Survey titles influence participants and demographics. With the rise of online studies on platforms like mTurk or Prolific, where study titles are rarely reported, this project investigates the unexplored impact of titles on treatment effects and replicability. Recognizing treatment heterogeneity in experiments, we aim to show how titles can significantly affect both participant response and study replicability through treatment heterogeneity. For treatment effects that are moderated by participant characteristics (e.g. sex, political orientation, personality), launching the same study with different titles could draw different participants, altering participation and replicability.

What is the significance of this project?

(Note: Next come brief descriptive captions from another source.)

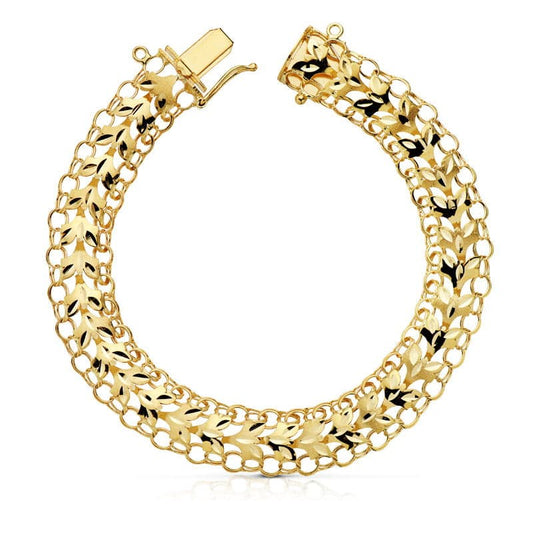 18K PULSERA ORO AMARILLO PRINCESA 10 MM 20CM 12.0 GR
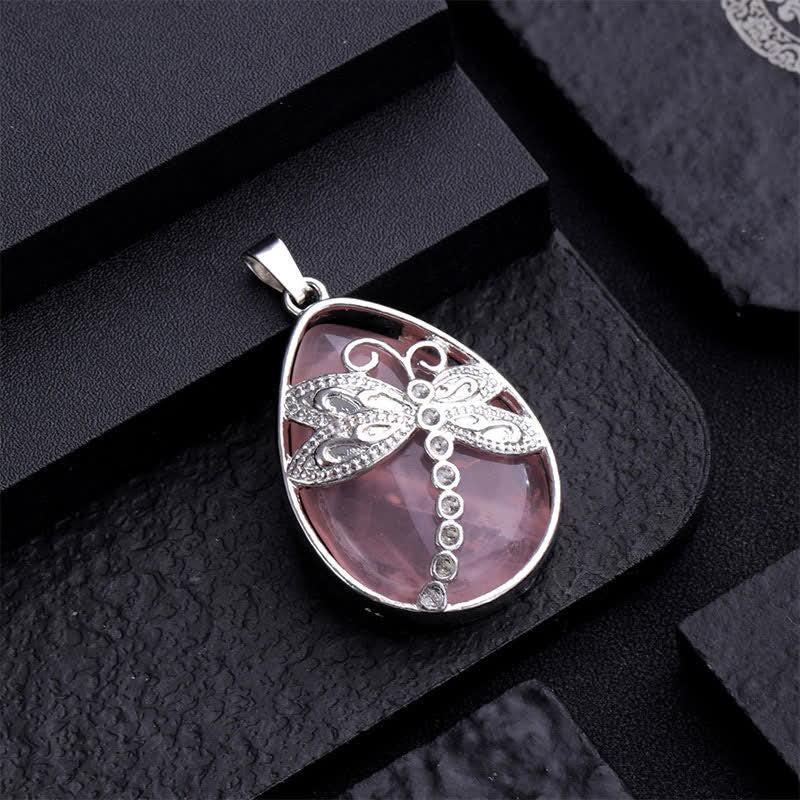 Buddha Stones Natural Green Aventurine Dragonfly Teardrop Shape Inlay Crystal Balance Necklace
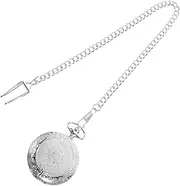 [Minkissy] Roman Numeral Decorative Pocket Watch for Men Vintage Style Lightweight Design Unique Carved Pattern Elegant for Special Occasions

One possible reason for unsuccessful replication could be due to characteristics of the participants. As titles of online experiments may draw people with different characteristics, the size of some treatment effects may be stronger or weaker depending simply on the title of the study.

Knowing this will change the way studies are reported in scientific publications. It may become a requirement to publish the title of the study when reporting how a study was run, so future researchers can ensure a similar recruitment strategy.

What are the goals of the project?

We will run 4 studies that have previously been shown to have treatment heterogeneity and were run using best practices. Each study will be run with three different titles, one aiming to recruit participants who show a high treatment effect, one aimed to recruit those with a small treatment effect, and an inert title.

So, for example, If an experiment has been shown to have higher treatment effects for do not believe in global warming, we will run the study under three titles that would be similar to: 1) A study on Is Global Warming a Hoax? (high treatment effect); 2) A Study on the Need for Action to Stop Climate Change (low treatment effect); 3) A study on the Weather Near You (inert title).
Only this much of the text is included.